What We Once Were
I had barely spoken to the girl who used to be my best friend when we decided to meet up in New York City. The last time I remember seeing her was after I graduated from boarding school. I was in Colorado for the summer and she was just finishing up her senior year. I picked up a couple packs of cigarettes on the way to see her at my old high school. She has asthma so she shouldn’t really smoke, but I guess she wanted to be reminded of how reckless we still were. I met her inside the building on campus that was built shortly after I left. The only reminder that I once knew which door to leave out of so I wouldn’t get caught sneaking off campus to smoke weed was the fact she still knew my name, still recognized me as the Lizzy who drove around in her mom’s Range Rover, barreling through the streets with no regard for the self she thought she didn’t have.
When she walked into the restaurant in Chelsea we agreed to meet at, everyone turned their heads. She had that effect on people ever since she started dating a senior while she was just a freshman in high school. She was late. I didn’t care. Seeing her for the first time in 10 years was like breathing fresh air and drowning at the same time. It felt like the restaurant went quiet, like the chatter that was happening all around us was just background noise, much like the music we played years ago so our parents wouldn’t hear the sharp inhales of breath through our noses as we rolled the dice on cocaine, gambling with our youth like it was a game.
What happened to you? She asks me in between bites of pizza. You were there one day and the next you were gone.
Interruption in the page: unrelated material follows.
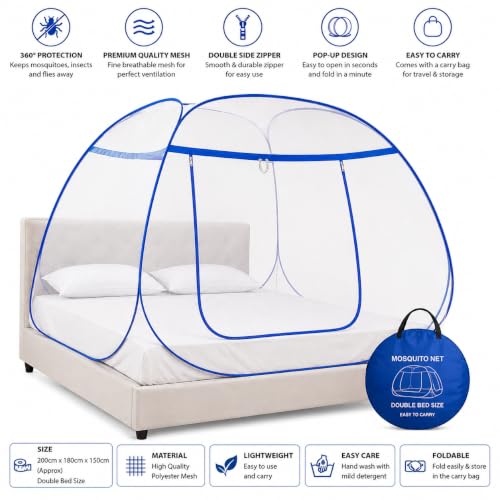 Image of Mosquito Net for Double Bed | King Size Foldable Machardani | 6 x 6 Feet Polyester 30GSM Strong Net (Pack of 1)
She’s referring to my sudden departure to rehab, but there’s more to it than that. I can see in her eyes what she really means to ask. She missed me when I left, she needed me. Why wasn’t I there for her when I knew no one else was? We pretend that’s a question that doesn’t need to be answered and laugh at how quickly time can pass when you get busy doing things and hanging out with people who are nothing more than a distraction. We pick up right where we left off, dramatically discussing our failed attempts at finding love in a city that will never love us back. We laugh at the men we’ve met on Tinder and at parties, the ones who are happy to sleep with us but change their minds about what they want just as quickly as they jumped into bed. In her stories of bad dates and even worse hookups, I think of all the ways men have tried to tell us they love us and all the ways they’ve let us down. It’s just me and her once again, searching for meaning in things outside of ourselves.
Some friends and I are going to Lavo tomorrow, she said to me before I walked underground to get on the train back to Brooklyn. You should come. I hate partying in Manhattan, but I agree to go because surrounding myself with more distractions until I see her again in another 10 years seems like wasted time. We met outside the club and skipped the line to go straight to a table. We spent the night dancing and talking about stuff I can’t even remember. I just remember it felt important to say at the time. We are living out the fantasies we had as kids, partying with beautiful strangers at a club in a place that is thousands of miles away from where we know home to be. Neither of us liked the DJ. We didn't have much fun. I guess we have grown since we last met.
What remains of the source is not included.